--- DATASET EXTRACT ---

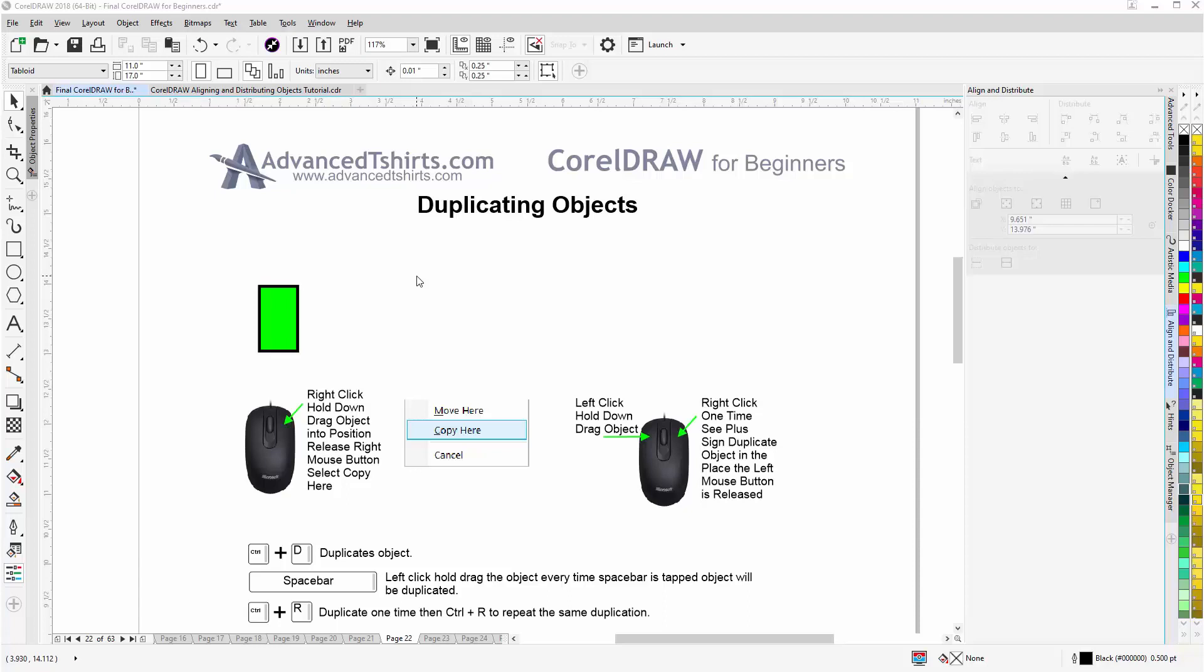In this session, we're going to quickly go over duplicating objects and I do quite a bit of duplicating when I'm working in Corel Draw so I did want to cover this. From the Properties bar we can set our Duplication Offset up here, Duplicate Distance.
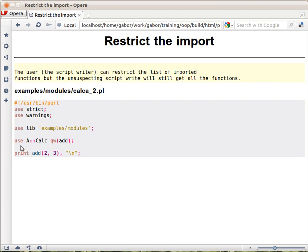And then someone who is reading your code suddenly sees this add function and doesn't know where that function comes from. He has to go over all the modules to find out which module exports the add function. If you had written this way,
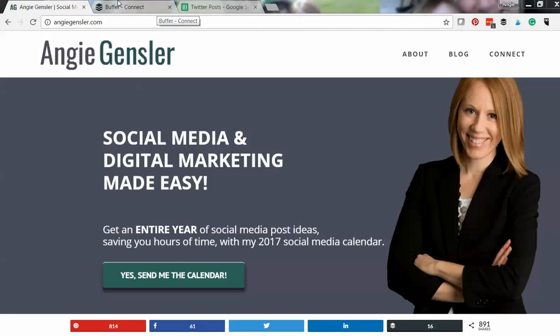Hey guys! In this training I'm going to show you how to quickly and easily promote your own content on your social media channels for free.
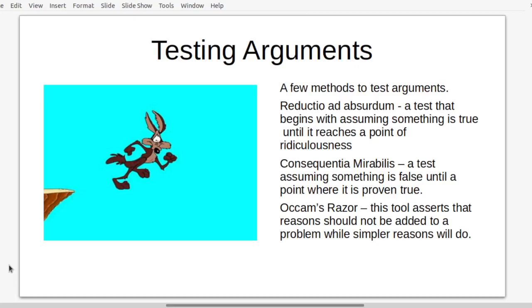Other handy tools for testing arguments include: reductio ad absurdum, a test that begins with assuming something is true until it reaches a point of ridiculousness — like assuming the ground is solid until you're floating above it like a cartoon. Consequentia mirabilis, a test assuming something is false until the point where it's proven true. And the classical tool Occam's razor, which most people are familiar with — to not add reasons to something when simpler explanations will do just fine.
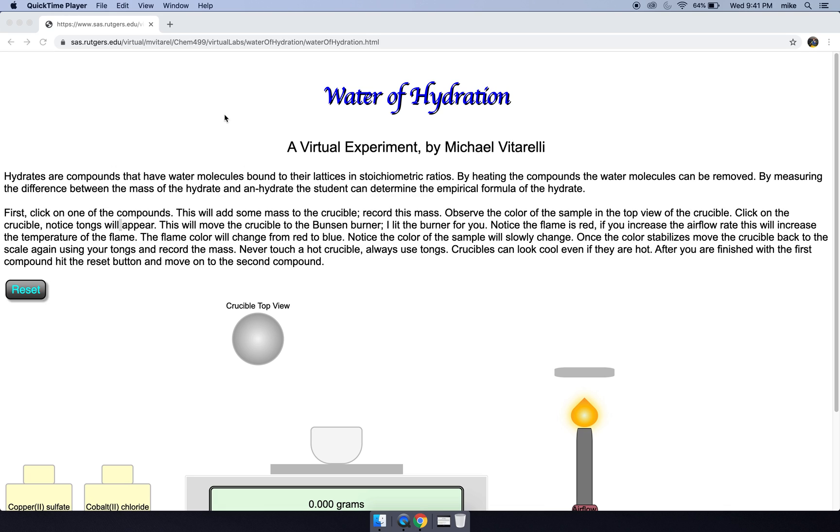Hello everybody, I'm gonna give you a quick overview of the water of hydration virtual lab.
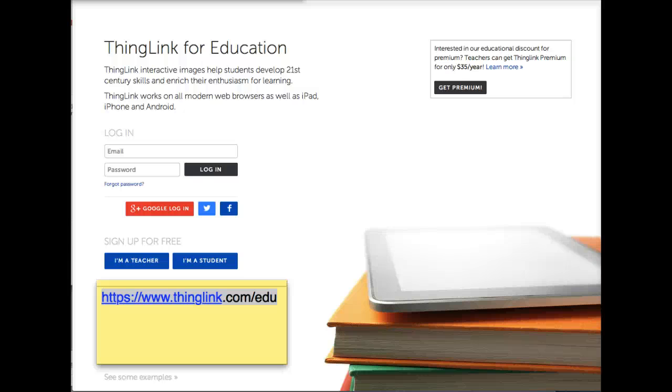Hello everyone, my name is Susan Oxnavod and I'm the ThingLink Education Community Manager. Today I'm going to teach you how to create a ThingLink.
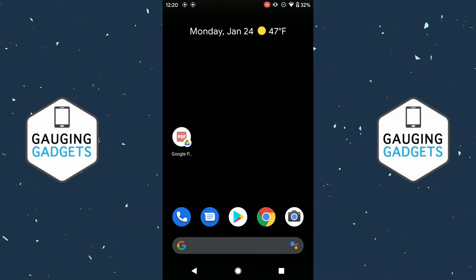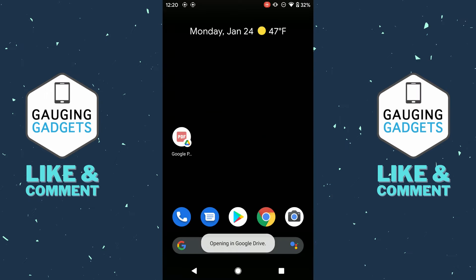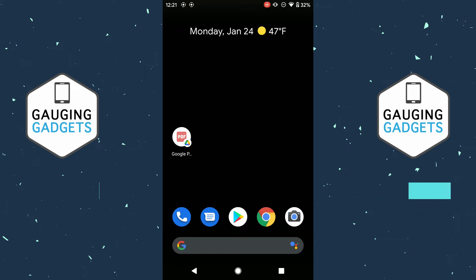Welcome to another Gauging Gadgets Android tutorial video. In this video, I'm going to show you how to create a shortcut to a file on your Android home screen. So if you're trying to add a file to your home screen so you can quickly select it and have it open that file up, I'll show you how to do that on your Android phone. This can be great if you're trying to have quick access maybe to a PDF or some other document on your phone — you don't want to go through an app or files or anything like that. You just want to be able to select it on your home screen.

---

- **REQUIREMENT**
The lines wanted run from the first one in the material above through the line containing "And then someone"; give them again exactly, leaving out the pictures.

- **RESULT**
In this session, we're going to quickly go over duplicating objects and I do quite a bit of duplicating when I'm working in Corel Draw so I did want to cover this. From the Properties bar we can set our Duplication Offset up here, Duplicate Distance.
And then someone who is reading your code suddenly sees this add function and doesn't know where that function comes from. He has to go over all the modules to find out which module exports the add function. If you had written this way,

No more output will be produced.